As in   관심일촌 ? What does it means? I have been trying to look up the meaning of that word, but I haven't found much.


----------



## terredepomme

Conoces Cyworld? Es la versiona coreana del facebook(pero más viejo). 일촌 es como el "amigo" del FB. 관심 es, como ya sabes quizás, la atención ; no utilizo el Cyworld luego no puedo estar seguro, pero creo que es como el "amigo favorito" tal vez.

일촌(一寸) viene de 촌(寸) que es el grado de consanguinidad. Luego 삼촌(三寸) es tió, porque ha tres 촌s(mi - papá - tió). Y 사촌(四寸) es primo, porque ha cuatro 촌s(mi - papá - tió - primo). Pero el Cyworld utiliza la palabra de otra manera : 촌 no es el grado de parentesco pero el grado de "amistad" ; 일촌 es los amigos los más intimos, 이촌 es los segundos, et cetera. No por eso puedes oir la palabra 일촌 o 이촌 al mundo real!


----------



## rumistar

wide12 said:


> As in 관심일촌 ? What does it means? I have been trying to look up the meaning of that word, but I haven't found much.



That word "관심일촌" is especially used on Cyworld.
As for Cyworld, I'd like to say it is similar to Facebook or Twitter.
It is a famous website. Many Koreans use it.
They upload their pictures on it and send messages to their friends by the website.

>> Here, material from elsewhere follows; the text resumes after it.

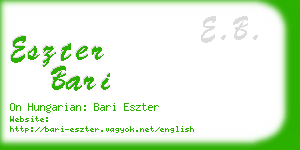 eszter bari business card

Actullay "일촌" this team is related to a relationship.
A father(or mother)-son(or daughter) relationship is "일촌(1촌)" in Korean.
But nowadays "일촌" also means the person who I like or want to get closer to.
Many young Koreans call their friends "일촌"─especially on Cyworld.
So when Koreans call their friends "일촌", it has metaphorical meaning. 
and 관심 means "interest"
*So I'd lke to define 관심일촌 as someone who I am intersted in.*


----------



## wide12

Yes, I do know cyworld, thats where I saw this word , which was everywhere in the settings page of my cyworld. Thanks you two for your clear explanation


----------



## jooney

"일촌맺다" basically means "friend" as a verb.  It's like saying, "I friended someone on Facebook."  Once your friend request is accepted, you are able to view their personal profile, pictures etc.  Those are the privileges "일촌" gets.


----------